_WHAT IS REQUIRED_: The whole listing should be retyped word for word, apart from the pictures it holds.
GIVEN INFORMATION: Begin
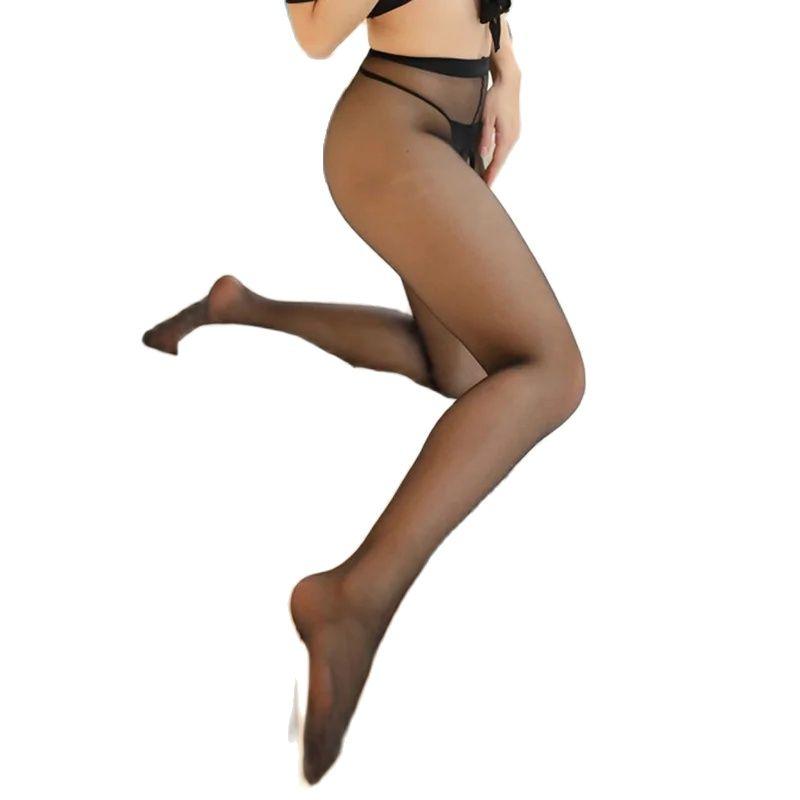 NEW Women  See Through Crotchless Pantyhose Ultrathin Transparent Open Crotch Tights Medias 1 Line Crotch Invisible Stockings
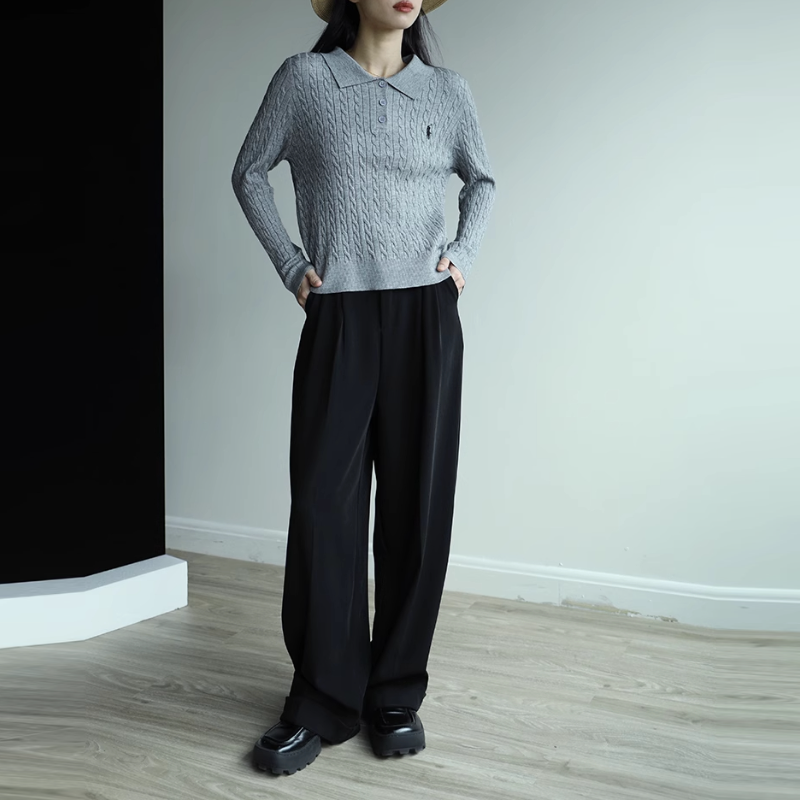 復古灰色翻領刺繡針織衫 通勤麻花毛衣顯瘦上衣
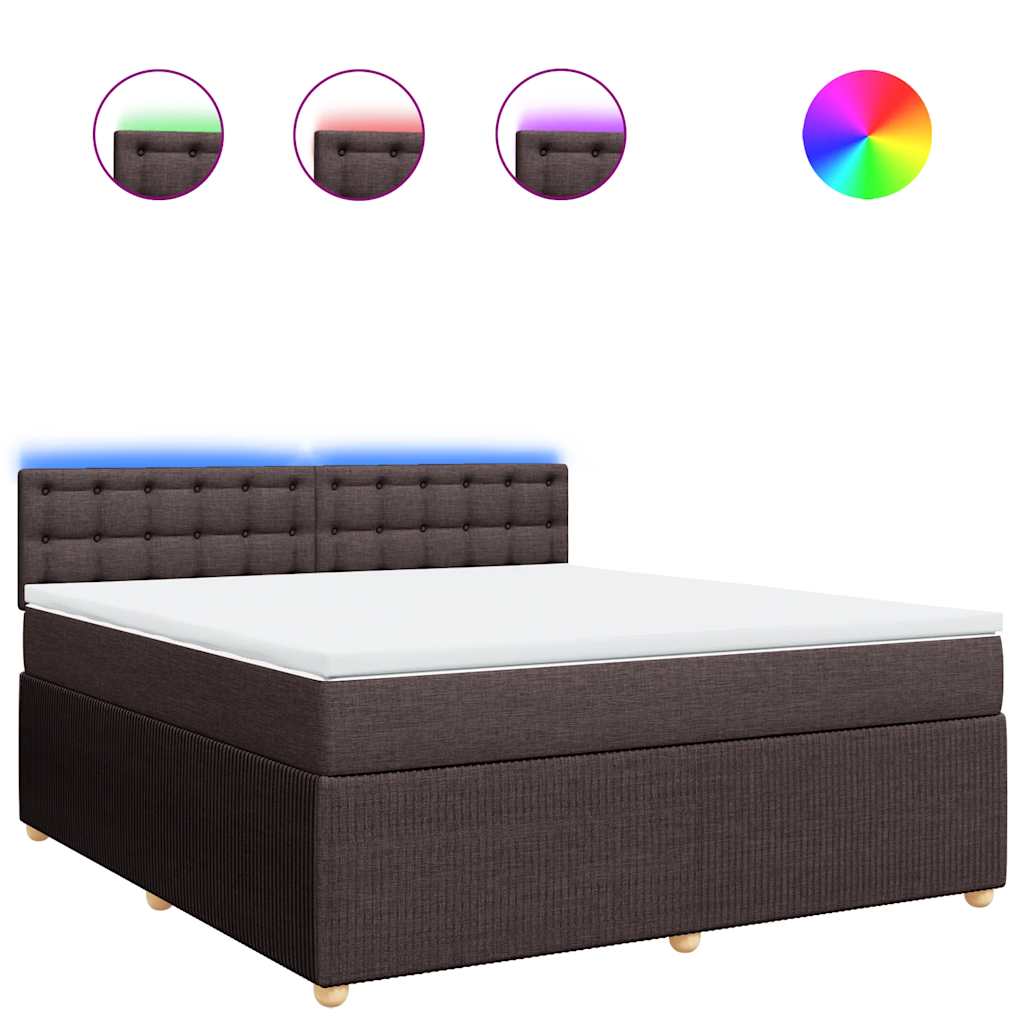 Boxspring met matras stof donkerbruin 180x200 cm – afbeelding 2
GIVEN INFORMATION: End
_SOLUTION_:
 NEW Women  See Through Crotchless Pantyhose Ultrathin Transparent Open Crotch Tights Medias 1 Line Crotch Invisible Stockings
 復古灰色翻領刺繡針織衫 通勤麻花毛衣顯瘦上衣
 Boxspring met matras stof donkerbruin 180x200 cm – afbeelding 2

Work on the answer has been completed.